WASHINGTON, Oct. 19, 2016 - Within the next year or so, the “Big
Six” crop protection and seed companies – Syngenta, Monsanto, Bayer, BASF,
DuPont and Dow AgroSciences– could become the “Big Four”.
DuPont and Dow are in the process of merging. China National
Chemical, known as ChemChina, plans to take over Syngenta, and last month, Bayer announced
plans to acquire Monsanto. All are pending regulatory approvals.
Consolidation of that magnitude has farmers worried about
having fewer options from which to buy seeds and crop protection chemicals. But
some of the folks at the forefront of the Bayer-Monsanto deal suggest that
there are currently more industry players than you might think – and many more
on the way.
“Globally, there are thousands of seed companies, hundreds
of regional players and many, many local players, also on the chemical side,”
Liam Condon, the head of Bayer’s Crop Science Division, told Agri-Pulse in an
exclusive interview last week on the sidelines of the World Food Prize events.
“And with what’s happening now on the technology side – particularly
gene-editing, but also on the data sciences – there’s a lot of new entrants
coming in. Even a company like Google is starting to enter into agriculture and
a lot of venture capitalists running start-ups are coming into the market…”
“So there’s no lack of competition, per se.”

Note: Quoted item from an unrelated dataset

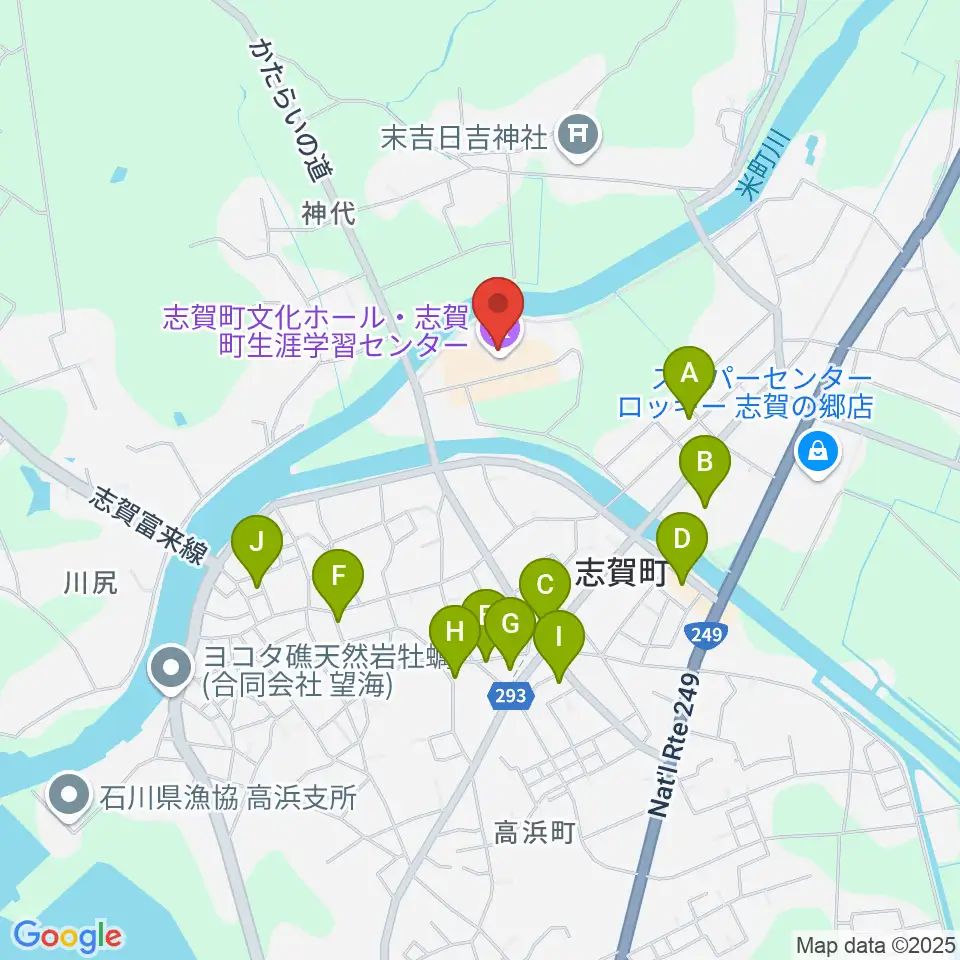 志賀町文化ホール・生涯学習センター周辺のファミレス・ファーストフード一覧地図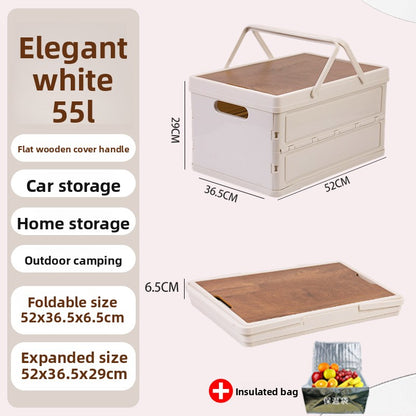 Foldable Outdoor Storage Box with Wooden-Style Cover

Condon says that an “integrated offering like ours,” with
Monsanto primarily offering seeds and traits, while Bayer is primarily offering
crop protection, “makes sense, and where it doesn’t, you can buy bits and
pieces.”
“For us the key thing is, we’re offering compelling choices
to our growers. And at the end, there’ll always be a variety of choices that
growers can make. And unless we’re offering something that is better than the
competition, nobody’s going to take it.”
Condon believes the combined companies will result in more
innovation for growers and faster release of new products.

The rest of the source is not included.